Police can simply drive along a street and check every car almost instantaneously. Privacy groups worry about police collecting and saving information from people not implicated in crimes -- such as keeping a record of where your car is -- but for law enforcement it's a critical tool.
The Sun's Don Markus provides a behind-the-scenes look at the technology and how it's being used in Maryland, and how state police tried to use it to find a motorcyclist a trooper was chasing moment before he was killed on I-95 when his cruiser collided with a truck.
From Don's story:<
Sgt. Julio Valcarcel wheels his unmarked sport utility vehicle south onto U.S. 1 in Jessup as motorists whiz by in the opposite direction. The Maryland state trooper is not looking to ticket speeders, but rather is on the hunt for stolen cars.
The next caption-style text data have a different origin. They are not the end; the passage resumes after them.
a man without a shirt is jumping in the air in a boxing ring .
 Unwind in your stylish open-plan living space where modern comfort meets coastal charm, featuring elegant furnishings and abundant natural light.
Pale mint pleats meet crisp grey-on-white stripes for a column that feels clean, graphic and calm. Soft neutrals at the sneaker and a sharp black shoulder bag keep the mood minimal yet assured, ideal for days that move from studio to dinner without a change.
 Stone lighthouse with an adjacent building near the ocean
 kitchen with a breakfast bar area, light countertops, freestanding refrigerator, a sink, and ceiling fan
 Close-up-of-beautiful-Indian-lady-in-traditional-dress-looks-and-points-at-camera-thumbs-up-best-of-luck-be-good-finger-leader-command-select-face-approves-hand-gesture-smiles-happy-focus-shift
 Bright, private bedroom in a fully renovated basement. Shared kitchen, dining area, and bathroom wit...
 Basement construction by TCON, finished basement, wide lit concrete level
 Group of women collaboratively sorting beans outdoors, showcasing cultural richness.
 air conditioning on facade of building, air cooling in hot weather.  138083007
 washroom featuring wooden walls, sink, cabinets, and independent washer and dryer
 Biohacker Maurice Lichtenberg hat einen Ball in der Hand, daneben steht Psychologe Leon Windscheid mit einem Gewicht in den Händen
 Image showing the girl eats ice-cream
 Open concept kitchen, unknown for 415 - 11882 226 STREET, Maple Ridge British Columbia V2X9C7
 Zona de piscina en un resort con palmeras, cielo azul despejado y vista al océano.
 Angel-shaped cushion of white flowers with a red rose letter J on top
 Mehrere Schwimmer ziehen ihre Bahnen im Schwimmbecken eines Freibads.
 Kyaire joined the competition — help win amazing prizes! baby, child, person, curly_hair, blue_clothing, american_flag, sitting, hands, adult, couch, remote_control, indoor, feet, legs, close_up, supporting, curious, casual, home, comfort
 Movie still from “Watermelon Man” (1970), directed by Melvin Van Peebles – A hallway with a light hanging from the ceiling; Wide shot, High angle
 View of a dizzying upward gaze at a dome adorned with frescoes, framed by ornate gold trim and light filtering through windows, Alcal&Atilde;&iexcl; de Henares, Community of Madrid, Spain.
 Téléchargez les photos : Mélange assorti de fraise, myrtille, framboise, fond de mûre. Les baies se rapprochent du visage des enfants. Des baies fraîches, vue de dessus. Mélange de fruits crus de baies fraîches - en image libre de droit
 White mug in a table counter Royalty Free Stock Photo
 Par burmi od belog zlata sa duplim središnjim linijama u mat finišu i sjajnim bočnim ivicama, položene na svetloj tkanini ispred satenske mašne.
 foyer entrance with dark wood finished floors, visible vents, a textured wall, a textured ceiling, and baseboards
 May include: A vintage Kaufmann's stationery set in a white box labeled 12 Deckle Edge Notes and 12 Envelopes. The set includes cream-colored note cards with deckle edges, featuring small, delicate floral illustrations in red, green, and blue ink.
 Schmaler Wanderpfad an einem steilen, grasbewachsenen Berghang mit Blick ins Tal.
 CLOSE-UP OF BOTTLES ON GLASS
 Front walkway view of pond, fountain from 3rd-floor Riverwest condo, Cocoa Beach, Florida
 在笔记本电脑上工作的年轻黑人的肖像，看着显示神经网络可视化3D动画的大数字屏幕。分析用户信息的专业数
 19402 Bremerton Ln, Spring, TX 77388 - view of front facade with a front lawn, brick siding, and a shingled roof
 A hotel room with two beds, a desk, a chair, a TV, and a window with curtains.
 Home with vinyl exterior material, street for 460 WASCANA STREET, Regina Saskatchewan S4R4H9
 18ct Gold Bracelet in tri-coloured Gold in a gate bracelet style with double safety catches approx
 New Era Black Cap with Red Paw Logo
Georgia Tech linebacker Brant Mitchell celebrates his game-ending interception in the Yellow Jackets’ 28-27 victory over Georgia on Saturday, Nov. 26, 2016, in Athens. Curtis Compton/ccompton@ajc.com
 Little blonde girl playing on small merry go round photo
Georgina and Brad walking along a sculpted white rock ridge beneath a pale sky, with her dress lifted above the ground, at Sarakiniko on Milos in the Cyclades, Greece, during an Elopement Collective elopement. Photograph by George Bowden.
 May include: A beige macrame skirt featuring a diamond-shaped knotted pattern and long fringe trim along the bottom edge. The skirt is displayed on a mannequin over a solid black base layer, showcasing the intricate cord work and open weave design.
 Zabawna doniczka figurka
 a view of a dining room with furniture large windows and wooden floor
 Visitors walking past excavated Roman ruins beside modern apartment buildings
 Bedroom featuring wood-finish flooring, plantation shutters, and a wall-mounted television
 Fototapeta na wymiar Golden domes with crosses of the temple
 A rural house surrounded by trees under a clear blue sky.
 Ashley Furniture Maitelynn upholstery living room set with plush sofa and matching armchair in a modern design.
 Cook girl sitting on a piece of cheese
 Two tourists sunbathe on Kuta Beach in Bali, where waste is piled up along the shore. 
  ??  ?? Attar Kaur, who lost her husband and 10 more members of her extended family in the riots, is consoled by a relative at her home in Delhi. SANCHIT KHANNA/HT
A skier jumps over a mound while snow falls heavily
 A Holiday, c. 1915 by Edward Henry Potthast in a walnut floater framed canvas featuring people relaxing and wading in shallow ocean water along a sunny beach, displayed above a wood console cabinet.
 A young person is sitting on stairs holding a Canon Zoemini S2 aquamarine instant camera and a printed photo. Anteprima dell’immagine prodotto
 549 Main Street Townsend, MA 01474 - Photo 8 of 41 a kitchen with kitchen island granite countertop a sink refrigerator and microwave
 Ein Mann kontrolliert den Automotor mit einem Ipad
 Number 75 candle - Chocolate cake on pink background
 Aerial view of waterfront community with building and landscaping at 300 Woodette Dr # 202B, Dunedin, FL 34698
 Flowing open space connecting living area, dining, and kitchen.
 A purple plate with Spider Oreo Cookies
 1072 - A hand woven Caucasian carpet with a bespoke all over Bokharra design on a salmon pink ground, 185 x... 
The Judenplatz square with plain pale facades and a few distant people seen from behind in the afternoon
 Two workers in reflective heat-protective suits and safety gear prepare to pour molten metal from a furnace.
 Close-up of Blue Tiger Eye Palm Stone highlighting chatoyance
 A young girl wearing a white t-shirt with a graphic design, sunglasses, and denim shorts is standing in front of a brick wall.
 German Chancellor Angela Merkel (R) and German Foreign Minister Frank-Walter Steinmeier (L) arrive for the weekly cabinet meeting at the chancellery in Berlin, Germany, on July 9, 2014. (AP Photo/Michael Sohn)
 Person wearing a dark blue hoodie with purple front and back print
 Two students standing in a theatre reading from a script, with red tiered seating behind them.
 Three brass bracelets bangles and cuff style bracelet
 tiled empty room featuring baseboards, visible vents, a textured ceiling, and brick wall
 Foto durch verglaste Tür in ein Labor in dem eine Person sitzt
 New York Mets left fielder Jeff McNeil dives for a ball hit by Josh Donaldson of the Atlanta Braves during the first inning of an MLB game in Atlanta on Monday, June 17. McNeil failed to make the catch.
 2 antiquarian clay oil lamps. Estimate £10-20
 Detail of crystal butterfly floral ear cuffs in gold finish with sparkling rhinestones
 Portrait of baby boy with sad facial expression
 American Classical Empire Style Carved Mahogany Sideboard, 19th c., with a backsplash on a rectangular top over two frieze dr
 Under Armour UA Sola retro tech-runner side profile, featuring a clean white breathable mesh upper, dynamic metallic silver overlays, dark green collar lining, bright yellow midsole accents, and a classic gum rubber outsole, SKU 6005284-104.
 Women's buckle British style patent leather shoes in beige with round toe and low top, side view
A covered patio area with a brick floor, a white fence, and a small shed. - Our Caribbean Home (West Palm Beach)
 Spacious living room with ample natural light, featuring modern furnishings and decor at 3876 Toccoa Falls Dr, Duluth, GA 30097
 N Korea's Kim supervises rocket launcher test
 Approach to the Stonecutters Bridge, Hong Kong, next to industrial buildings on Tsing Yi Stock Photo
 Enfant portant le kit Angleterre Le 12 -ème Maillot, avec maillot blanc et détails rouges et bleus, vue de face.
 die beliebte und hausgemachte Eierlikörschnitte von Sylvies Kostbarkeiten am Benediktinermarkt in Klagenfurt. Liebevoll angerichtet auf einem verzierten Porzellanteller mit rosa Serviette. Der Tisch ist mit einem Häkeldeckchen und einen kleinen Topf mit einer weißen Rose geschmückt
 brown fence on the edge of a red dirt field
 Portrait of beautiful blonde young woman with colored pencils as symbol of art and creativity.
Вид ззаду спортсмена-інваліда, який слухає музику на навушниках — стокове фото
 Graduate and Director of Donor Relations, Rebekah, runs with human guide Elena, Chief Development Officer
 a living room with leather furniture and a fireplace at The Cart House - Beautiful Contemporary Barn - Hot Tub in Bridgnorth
And he doesn't have to consult a "hot sheet" to compare license plate numbers, or even remember the make, model and color of vehicles on the stolen-car list.
Images of license plates pop onto his laptop computer screen as the cars go by. An alarms sounds when the computer finds a stolen plate or car, or even a revoked or suspended registration, information stored in a database updated daily by the FBI and the Maryland Motor Vehicle Administration.
"It's constantly taking pictures, looking for license plates," said Valcarcel, who has spent 21 years as a trooper and is now the technical manager of the license plate reader program. "There might not be a violation at the time we capture that read, but the read might be helpful for investigative purposes down the road."